What is "Radical Childcare"? A/UK joined in with the answers at Birmingham Impact Hub
We spoke at a thrilling event in Birmingham Impact Hub over two days this week - invited by our regular contributor Indy Johar, and the director of the Hub Imandeep Kaur. It was entitled Radical Childcare. We'll reflect more deeply on it later on in the week, but here's a quick map of its sources, and pointers to some of its extraordinary speakers.
ImpactHubBrum began this two years ago with this statement:
Children as citizens and changemakers
Children remain mostly invisible in our cities, access to good quality play is becoming compromised and the Private Voluntary and Independent (PVI) sector – the main deliverer of the government’s free childcare scheme – is also facing chronic underfunding.
Coupled with poor pay for workers, a highly gendered workforce and parents experiencing multiple levels of discrimination and/or lack of support, especially during the early years, it soon became clear that our efforts should become focused on a wider systems-focused movement.
Recognising that some parts of our city are home to over 46% of children living in poor households, we started to imagine a movement that could deploy financial, human and social capital to invest in a better future for Birmingham’s children and so #RadicalChildcare was born.
Children and families at the forefront
We believe that children and families should be at the forefront of the #RadicalChildcare movement. We are already seeing huge benefits in designing an intergenerational learning community, a place where families can co-construct safer, healthier, more resilient communities together and continue to welcome children and families to join the community - whether as part of our Children's membership, or other programmes and events.
We were given some striking info-graphics on conditions for children in Birmingham - which compel some urgency for change:
We had been assembled as speakers to bring own perspectives to what a "radical childcare" might be.

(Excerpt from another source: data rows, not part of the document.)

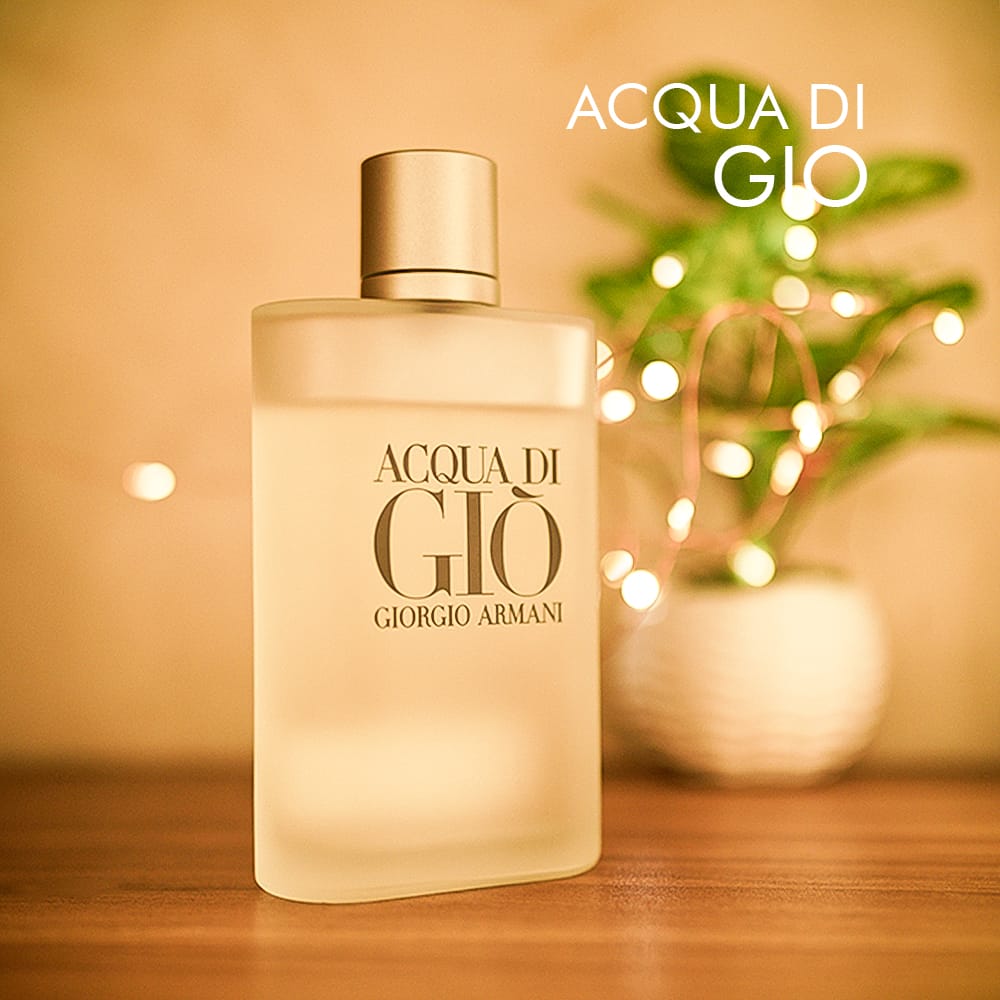 A 100ml bottle of Giorgio Armani Acqua Di Gio Eau de Toilette with a clear glass bottle and silver-toned cap, displayed on a brown table.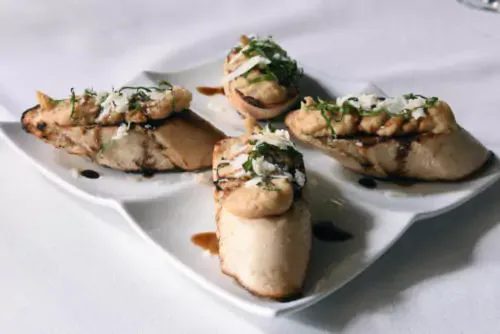 Bruschetta with goat cheese and oyster mushrooms on a white plate at Volare Italian Ristorante in Louisville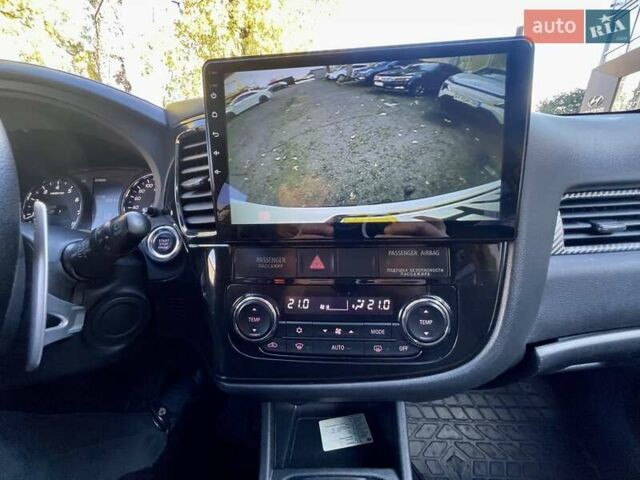 Белый Мицубиси Аутлендер, объемом двигателя 2 л и пробегом 146 тыс. км за 14500 $, фото 24 на Automoto.ua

A striking presentation was from Sam Williams, with the architectural consultancy ARUP, who had pulled together a guide to building for "Child-Friendly Cities". This had, he proudly told us, become their most popular download (and here it is).
From the booklet, the image on the left has a powerful quote from the Mayor of Bogota on children as an "indicator species" - when they flourish in a city, the whole city flourishes.
But ARUP had also provided a very handy checklist of small, do-able interventions that can make a city/town/parish/district into a more child-friendly zone - posted below:
Pat Kane, A/UK co-initiator, followed Sam to present his take on Radical Childcare from a "play ethic" perspective (the title of his 2004 book). (NOTE: Indra Adnan, our other co-initiator, presented the next morning - her slides to follow)
We joined in with a little workshopping around our favourite ideas for a radical childcare. This was some of the A/UK's production, but we will distribute the collective wisdom when it appears:
This is only a brief sample of a rich pudding of an event - which brought together many disciplines, much ground-level practice, and a few expectant mothers in the mix. We are excited to have been part of this, and are looking forward to their great synthesis and plan to come. It's also a sign of Birmingham's massive potential as a creative and humane megalopolis - which we hope to stay in close touch with.